Renan foi dos últimos aliados
peemedebistas de Dilma a embarcar no golpe, certamente o fez em busca de
proteção mas cumpriu nele um papel importante como presidente do
Senado. Se o STF lavou as mãos, quando poderia ter impedido o crime de
lesa-democracia, Renan tornou-se um dos sustentáculos do governo
ilegítimo. Por isso, não pode reclamar.
Afora Dilma, outro plantador do
golpe contra ela, Eduardo Cunha, também sofreu os efeitos da hipertrofia
do poder Judiciário, fruto direto da demonização da classe política e
da mística da Lava Jato. O STF hesitou muito em afastá-lo da presidência
da Câmara, sabendo que com isso cruzaria a linha perigosa do equilíbrio
entre os poderes. Quando o fez, ninguém reclamou porque Eduardo Cunha
já esgotara a paciência de todos com suas manobras para evitar que o
processo de sua cassação avançasse no Conselho de Ética.
Exemplo contrário ao de todos que,
movidos pela ambição, compactuaram com o progressivo açoite da
democracia e de suas regras, está sendo dado pelo vice-presidente do
Senado, Jorge Viana. Ao contrário de Temer, que aderiu sem pestanejar às
propostas golpistas contra sua companheira de chapa para herdar sua
cadeira, Viana não externou ansiedade para suceder a Renan, não
conspirou e vem mantendo comportamento bem litúrgico. Assinou, com os
demais membros da Mesa, o comunicado ao STF sobre a decisão de só
aceitar o afastamento de Renan após o julgamento da liminar do ministro
Marco Aurélio pelo plenário do STF, nesta quarta-feira. Uma versão
inicial, de tom mais confrontador, e logo, adubadora da crise, ele não
quis assinar, o que levou ao ajuste do texto por todos subscrito. Sua
conduta neste momento crítico, colocando o interesse institucional acima
de qualquer ambição pessoal e partidária, reforça a percepção positiva
sobre a contribuição que ele poderá dar no curto prazo em que presidirá o
Senado.
Viana é um político equilibrado, que
servirá à ética da responsabilidade no exercício do cargo. Não será,
porém, vassalo de uma agenda que os brasileiros não chancelaram nas
urnas, e que está sendo imposta como decorrência de um golpe. Hoje não
se votou a PEC 55 e não há data marcada para que ela volte à pauta.
Renan poderá repetir seu lamento
amanhã, pois é altamente provável que o plenário confirmará a liminar de
Marco Aurélio, numa sessão que promete trovoada, depois que o ministro
Gilmar Mendes defendeu o impeachment de seu colega. Os ministros sabem
que o processo que o tornou réu, na semana passada, só foi levado a
julgamento, depois de nove anos, porque o tribunal queria dar uma
demonstração de que não protege políticos. Não faria diferença condenar
Renan agora ou em fevereiro, quando já não fosse presidente do Senado.

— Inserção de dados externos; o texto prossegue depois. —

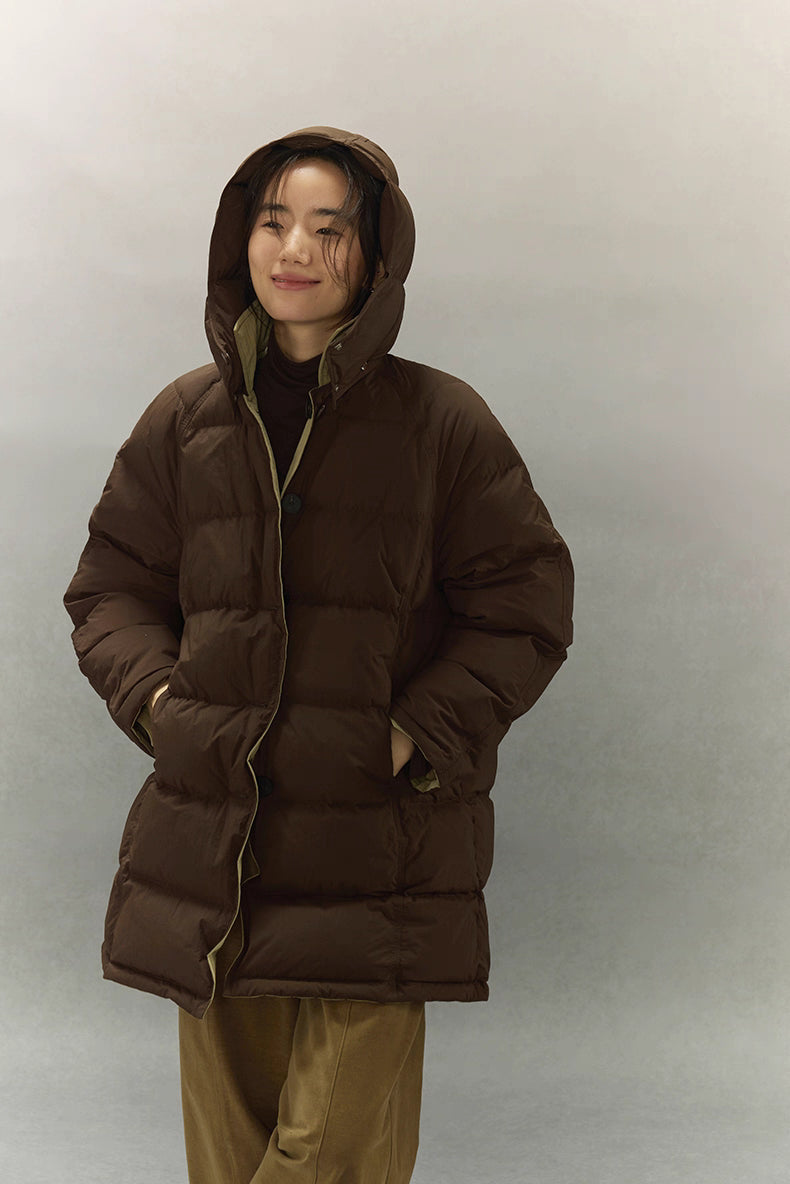 Front view of dark coffee brown down coat with detachable hood and relaxed mid length fit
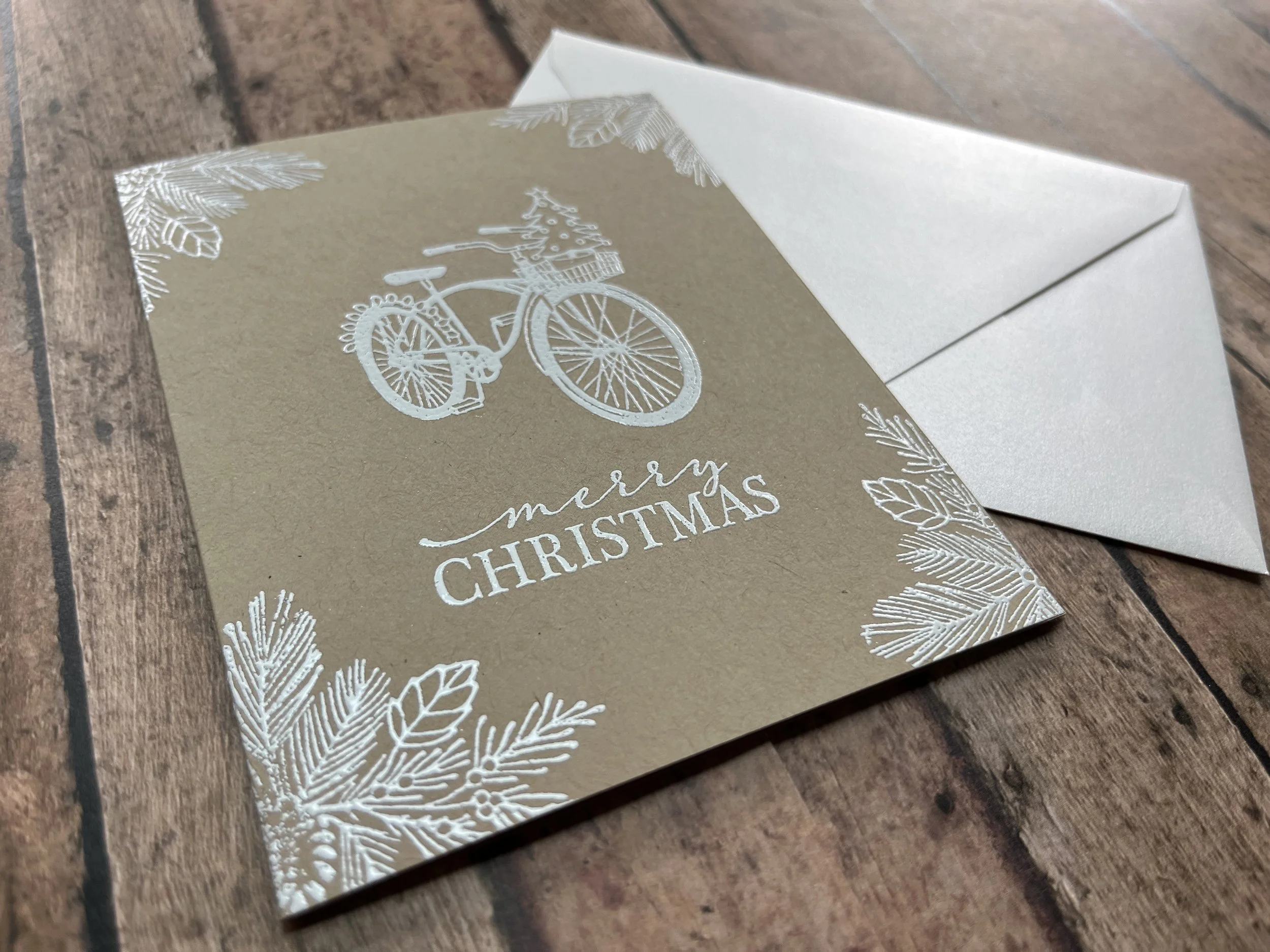 https://www.onegreenlove.com/holiday/festive bicycle merry christmas card winter white ink on kraft cardstock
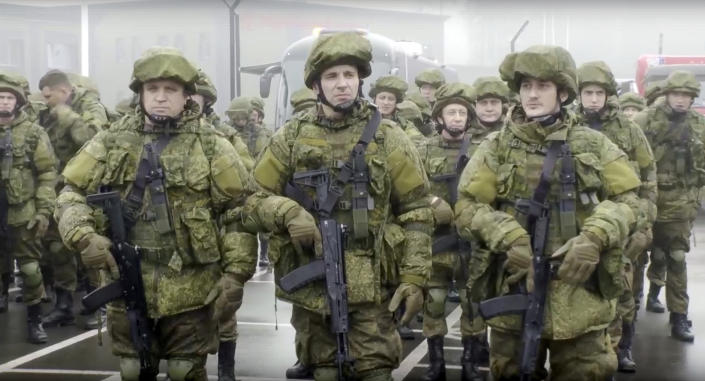 In this handout photo taken from video released by Russian Defense Ministry Press Service, Russian recruiters stand prior to their military training at the Patriot Park outside in Moscow, Russia, Saturday, Oct. 1, 2022. Russian President Vladimir Putin has ordered a partial mobilization of reservists to beef up his forces in Ukraine. (Russian Defense Ministry Press Service via AP)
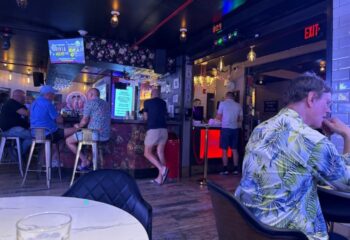 Hotel Gaythering bar scene. Men gather, some at the bar, others seated. Tropical shirts, casual attire. Nightlife, travel.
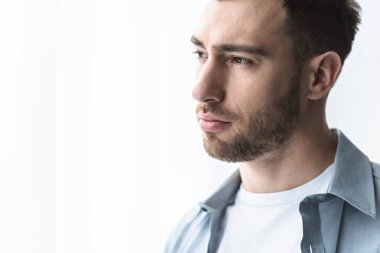 mavi gömlekli üzgün adam uzakta eve bakıyor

Mas o STF quis, como disse ontem a ministra Carmem Lucia, "responder às
demandas" da rua. Hoje ela disse que as ruas não pautam o STF mas agora a
mensagem contrária já se estabeleceu. O STF está num ativismo político
inédito desde a restauração democrática, e este ativismo tornou-se um
dos ingredientes mais nefastos da crise, juntamente com os desmandos da
Lava Jato. Renan lamentará novamente amanhã pelos descaminhos da
democracia que ele ajudou a construir. Mas perdeu a razão lá atrás,
quando abandonou Dilma e embarcou no golpe.